Investigation of the Aerodynamic & Aeroacoustic Performance of Cross-flow Fans

D3 - Fan Performance (i)

For the air conditioner industry, cross flow fan (CFF) design is important to assure an efficient heat transfer from the heat exchanger and also to reduce the overall sound pressure level of the indoor air-conditioning unit. Theoretical and experimental studies about cross flow fans (CFF) are scarce in the literature, especially the ones where numerical or analytical calculations are validated with experimental measurements.
Air flow and noise generation mechanisms in a CFF are fundamentally different than axial or centrifugal fans. Air flows across the blades of a CFF, which causes that both ends of blades switch from leading to trailing edge throughout one rotation. The flow structure inside the fan consists of two regions: the through-flow region and the eccentric vortex region. Efficiency of a CFF is fundamentally limited by the unavoidable recirculation flow within the impeller at all fan speeds.
Design of the impeller effects acoustic and aerodynamic performance of the CFF dramatically. Our studies show that impellers, having the same outer diameter and operating in the same casing with the same rotational speed, result in a large variation both in the aerodynamic and acoustic performance. In the measurements overall sound power level changed in a range of 56 to 59 dB(A) and the flow rate changed in a range of 640 to 710 m3/h. This flow rate difference can change the seasonal coefficient of performance (SCOP) up to 0.5, which can result in a quieter air-conditioning unit in a higher energy class.
This study investigates the effect of the impeller design to the aerodynamic and aeroacoustic performance.
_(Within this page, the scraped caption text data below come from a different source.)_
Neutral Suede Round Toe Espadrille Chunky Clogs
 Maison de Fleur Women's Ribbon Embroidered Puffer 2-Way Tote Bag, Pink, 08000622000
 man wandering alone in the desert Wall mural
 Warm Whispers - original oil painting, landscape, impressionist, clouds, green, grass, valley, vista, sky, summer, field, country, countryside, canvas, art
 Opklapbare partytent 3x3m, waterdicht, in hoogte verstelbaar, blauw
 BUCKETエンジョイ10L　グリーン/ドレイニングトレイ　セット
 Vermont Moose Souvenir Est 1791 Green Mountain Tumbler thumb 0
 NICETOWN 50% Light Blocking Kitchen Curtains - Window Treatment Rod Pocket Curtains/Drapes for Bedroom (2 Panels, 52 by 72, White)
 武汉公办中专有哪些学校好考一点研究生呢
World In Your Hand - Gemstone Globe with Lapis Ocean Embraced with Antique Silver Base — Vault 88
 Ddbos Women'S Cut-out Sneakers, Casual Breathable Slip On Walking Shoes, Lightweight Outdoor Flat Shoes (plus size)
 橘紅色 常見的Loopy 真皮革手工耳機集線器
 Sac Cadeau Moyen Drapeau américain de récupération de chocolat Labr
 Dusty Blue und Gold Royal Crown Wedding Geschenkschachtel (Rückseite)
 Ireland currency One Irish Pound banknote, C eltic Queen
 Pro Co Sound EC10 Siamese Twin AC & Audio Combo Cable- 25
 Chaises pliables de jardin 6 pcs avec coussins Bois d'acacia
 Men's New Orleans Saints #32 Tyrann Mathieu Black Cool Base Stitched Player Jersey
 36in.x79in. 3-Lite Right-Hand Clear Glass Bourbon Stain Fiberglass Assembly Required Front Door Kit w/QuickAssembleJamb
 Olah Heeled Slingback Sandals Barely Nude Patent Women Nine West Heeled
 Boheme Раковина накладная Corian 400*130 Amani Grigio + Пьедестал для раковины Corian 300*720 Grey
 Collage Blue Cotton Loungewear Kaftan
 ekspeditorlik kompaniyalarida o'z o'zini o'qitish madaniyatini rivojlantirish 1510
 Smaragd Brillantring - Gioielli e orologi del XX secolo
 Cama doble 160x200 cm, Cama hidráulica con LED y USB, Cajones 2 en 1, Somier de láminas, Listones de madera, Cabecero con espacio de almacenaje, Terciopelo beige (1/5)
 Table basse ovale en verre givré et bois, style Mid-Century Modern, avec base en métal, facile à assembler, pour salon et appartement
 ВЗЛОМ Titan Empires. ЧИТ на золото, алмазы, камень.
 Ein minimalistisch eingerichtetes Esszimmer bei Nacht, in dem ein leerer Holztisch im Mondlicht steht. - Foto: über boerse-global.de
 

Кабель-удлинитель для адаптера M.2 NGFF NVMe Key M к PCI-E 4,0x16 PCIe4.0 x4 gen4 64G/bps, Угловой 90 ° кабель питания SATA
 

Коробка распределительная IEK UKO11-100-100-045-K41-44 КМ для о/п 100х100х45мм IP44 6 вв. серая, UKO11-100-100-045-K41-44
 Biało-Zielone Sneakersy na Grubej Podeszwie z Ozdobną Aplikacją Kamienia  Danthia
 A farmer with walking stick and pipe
The impeller is designed parametrically, where the effect of each parameter on noise generation and flow rate is tested via computational fluid dynamics. Results of the numerical simulations are evaluated to gain insight on the complex noise generation mechanisms and to design a CFF with high flow rate and low overall sound power level. Optimum geometries are produced via rapid prototyping. Their aerodynamic performance is measured via particle image velocimetry (PIV) and measurements in the psychrometric test chamber.